─── Data to process ───

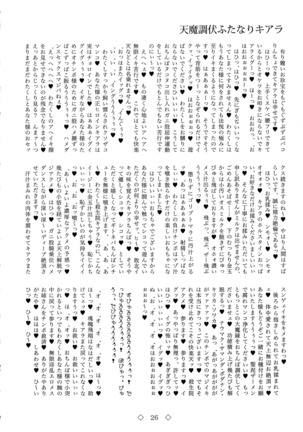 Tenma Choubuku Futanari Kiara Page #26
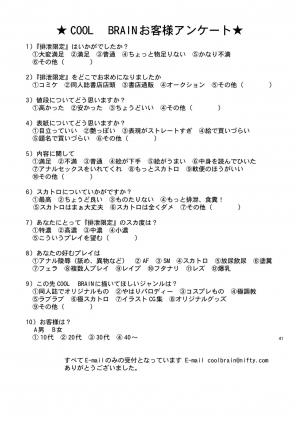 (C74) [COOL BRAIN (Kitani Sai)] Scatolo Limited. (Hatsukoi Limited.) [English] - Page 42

───
─── Data to process ───

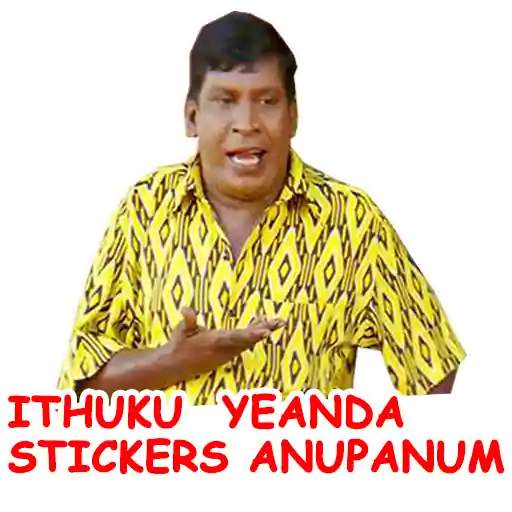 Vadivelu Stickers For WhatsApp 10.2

───

Would you write out exactly the lines above, starting at the line containing "Tenma Choubuku Futanari Kiara Page #26" and stopping after the line containing "(C74) [COOL BRAIN"? Omit the pictures.

Task result:
 Tenma Choubuku Futanari Kiara Page #26
 (C74) [COOL BRAIN (Kitani Sai)] Scatolo Limited. (Hatsukoi Limited.) [English] - Page 42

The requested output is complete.